Saturday, April 26, 2008

Go Green Expo honors Riverkeeper

The New York Hilton was packed with hundreds of eco-chic dignitaries last night, affording the $500 a plate dinner prepared by famed TV chef Rachael Ray during the Go Green Expo Gala to benefit Riverkeeper and the Amazon Conservation Association.

Treehugger founder Graham Hill, vice president of Interactive Media for Planet Green, accepted an excellence in Environmental Awareness award on behalf David Zazlav, president and CEO of Discovery Communications.

Discovery is owned by NBC Universal Cable, which is 80 percent owned by General Electric. On June 4th, the Discovery Home channel will become Planet Green, a 24/7 environmental channel, available to 50 millions homes.

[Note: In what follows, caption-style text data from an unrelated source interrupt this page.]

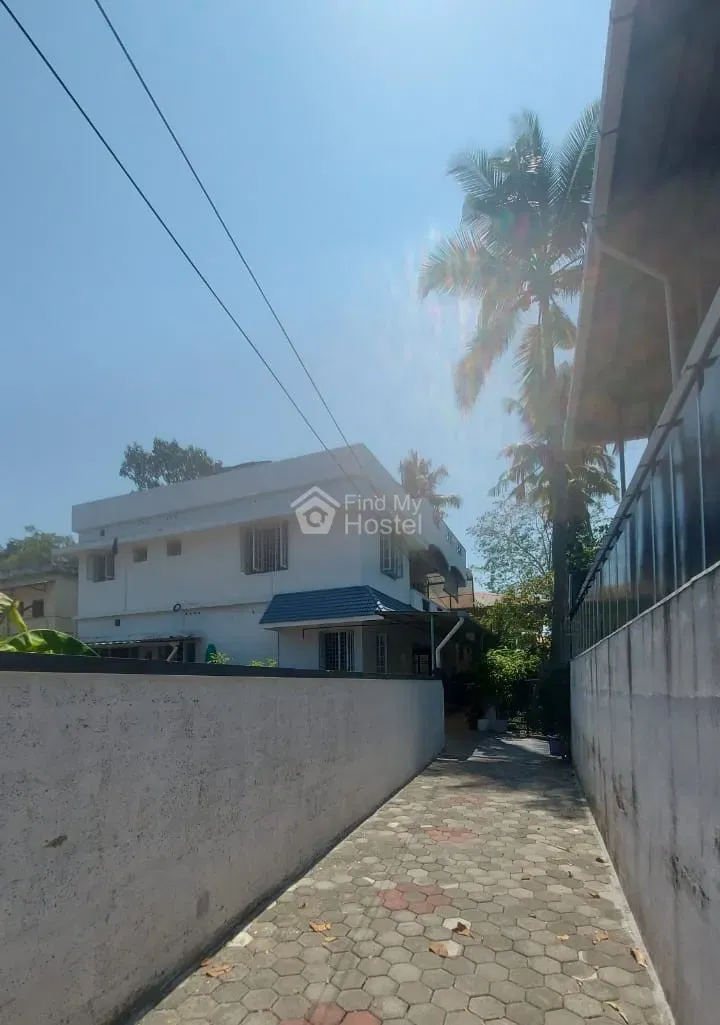 st antonys gents hostel in Thevara, Ernakulam — photo 2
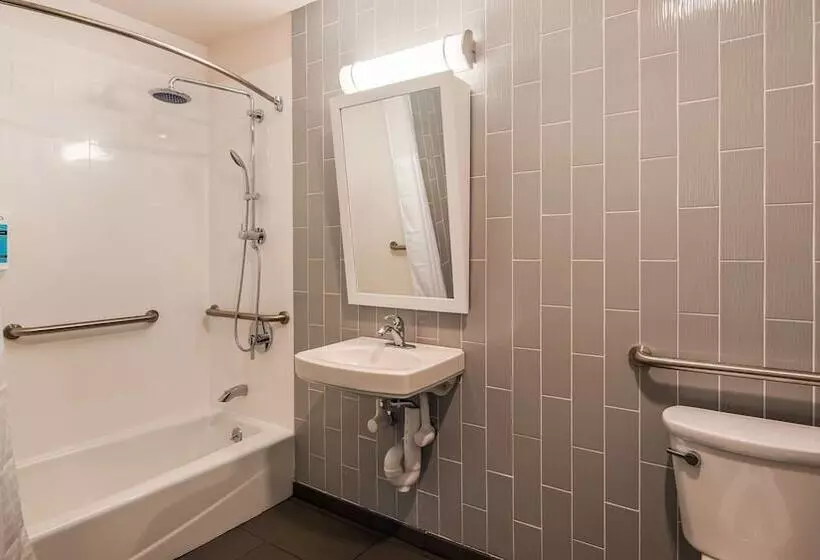 ホテル Glō Best Western Brooklyn Nyc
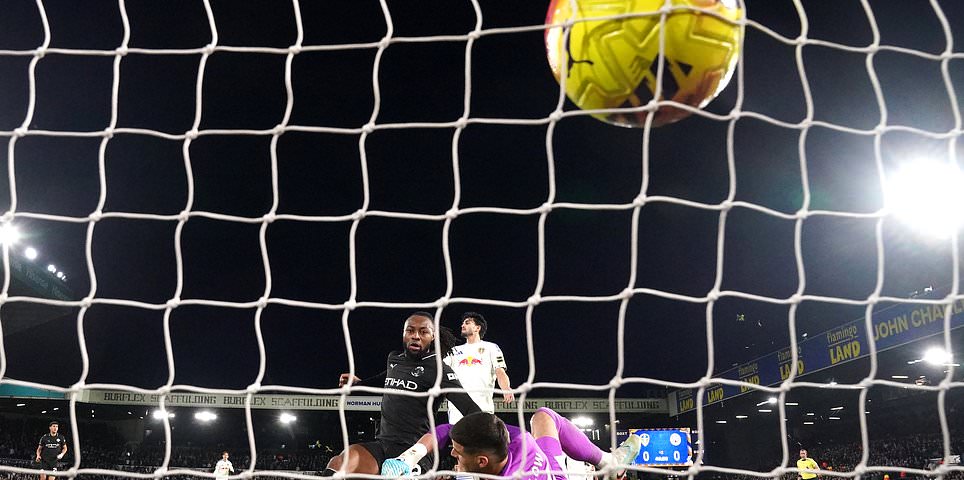 Leeds vs Manchester City - Premier League LIVE: Latest score and updates as Pep Guardiola's side grind out vital win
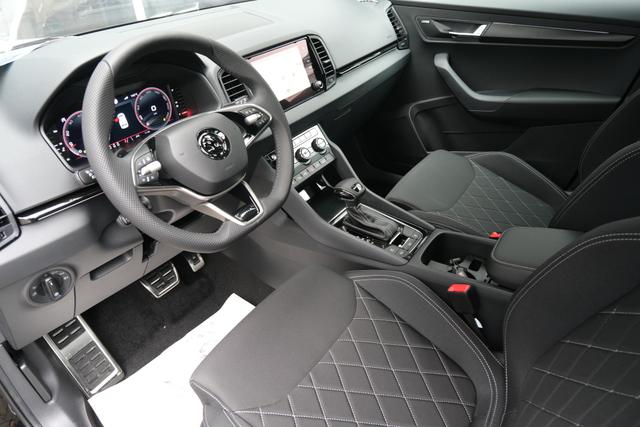 Skoda Karoq Sportline Schwarz 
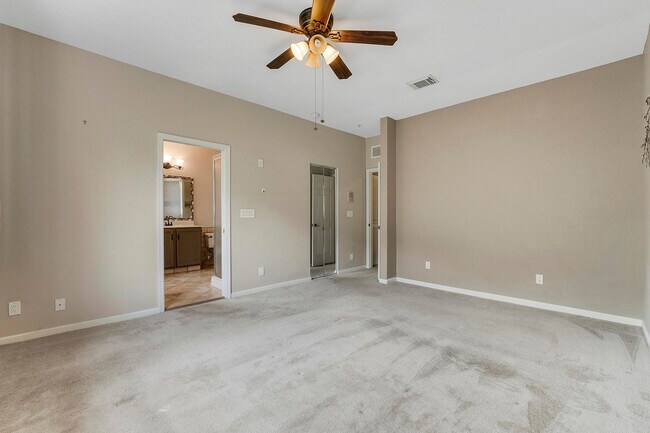 Building Photo - 3172 N Greenleaf Cir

And there lies the irony… How can we possibly trust Riverkeeper to lead the fight to shut down Indian Point, the old leaky nuclear power plant on the Hudson river, when Riverkeeper is sleeping with the enemy? According the Nation, 59 percent of Treehugger readers are so desperate about climate change, they approve of nuclear power.

During the fashion show of Maggie Norris’s wonderful new eco-elegance collection, American’s Next Top Model judge Nigel Barker introduced a dozen conservationists walking down the runway. They were dressed the part, for the African bush, or neoprene diving suit, a couple branding machetes!

Yet, when it was Phillip Musegaas’s turn down the catwalk, the lawyer for Riverkeeper working on the Indian Point issue, he didn’t make much of an effort to celebrate the occasion. Phillip walked down the runway in his street clothes, not even holding a briefcase to look the part. Maybe it was last minute.

The audience cheered as Nigel Barker read Riverkeeper was stopping the relicensing of Indian Point. Nothing could be further from the truth. The work Riverkeeper has done to date hasn’t even made a dent in Entergy’s relicensing plans, because Riverkeeper is compromising at every turn, hording all the resources, and constantly dropping the ball.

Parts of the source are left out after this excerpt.